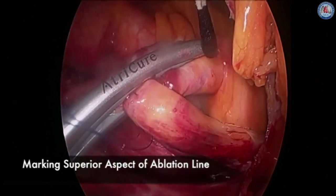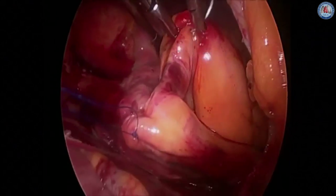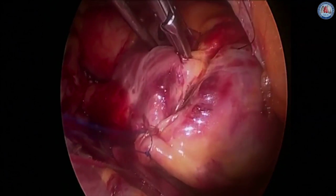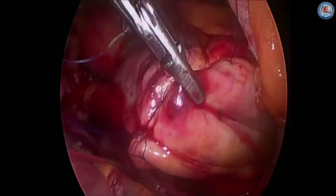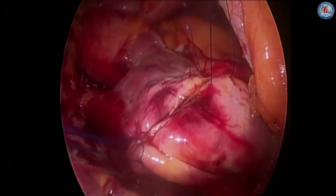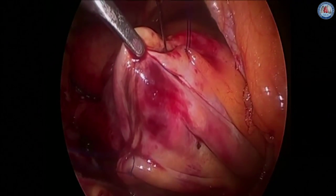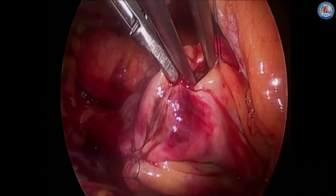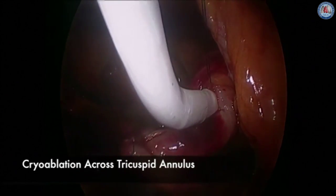The clamp should be placed up to, but not on, the AV groove fat pad to avoid any injury to the right coronary artery. The end of the ablation line is often marked with methylene blue. A second purse string suture is then placed at the superior aspect of this final ablation line. The placement of this purse string suture can be facilitated by leaving some volume on the heart-lung machine. Once this purse string suture is placed, an 11 blade is used to make a puncture wound, which is dilated with a tonsil clamp.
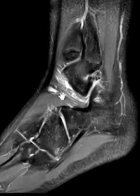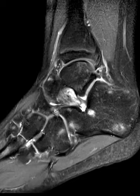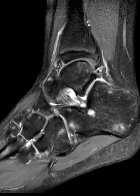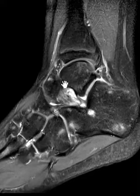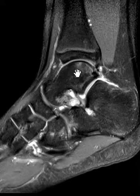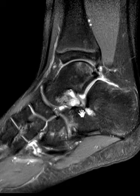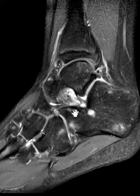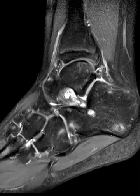Moving to the next component toward the central sinus tarsi, we see a ligament coming off the inferior calcaneus obliquely forward to the cupped portion of the talus — this is called the cervical ligament, named for the neck of the talus. Right where it comes off the calcaneus, you can see it is stripped up slightly. One slice over, there's a fluid signal area — indicating a tear through the cervical ligament at its base.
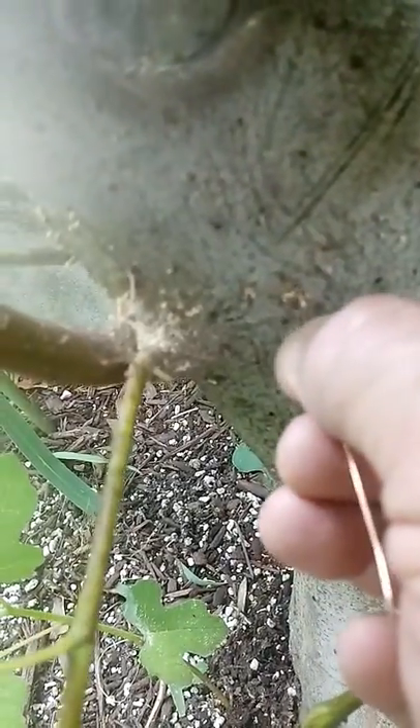All right, so you come over with the wire. You have to stick it in the hole. There's another one. I'll provide some information on how to kill them.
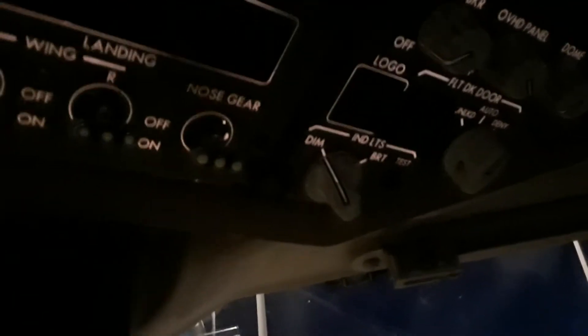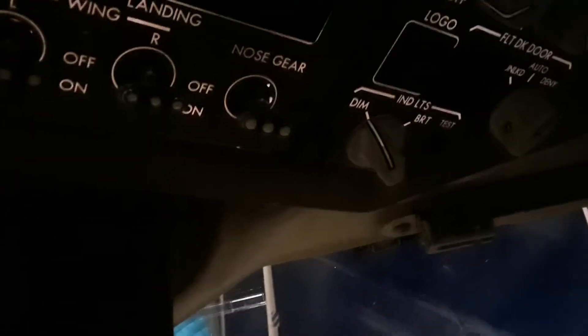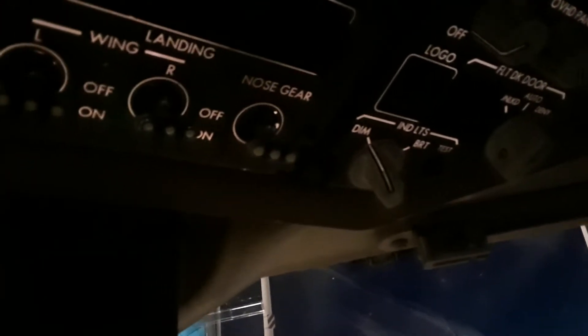It's in the same location as on the 757. On the 757, you can just push it and it stays in the test mode. But on the 767, you actually have to hold it.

= = = = = = =

→ EXERCISE DETAILS: Find the line with "All right, so". Reproduce it and every line after it through the last line above exactly, leaving out the pictures.

→ TASK RESULT:
All right, so you come over with the wire. You have to stick it in the hole. There's another one. I'll provide some information on how to kill them.
It's in the same location as on the 757. On the 757, you can just push it and it stays in the test mode. But on the 767, you actually have to hold it.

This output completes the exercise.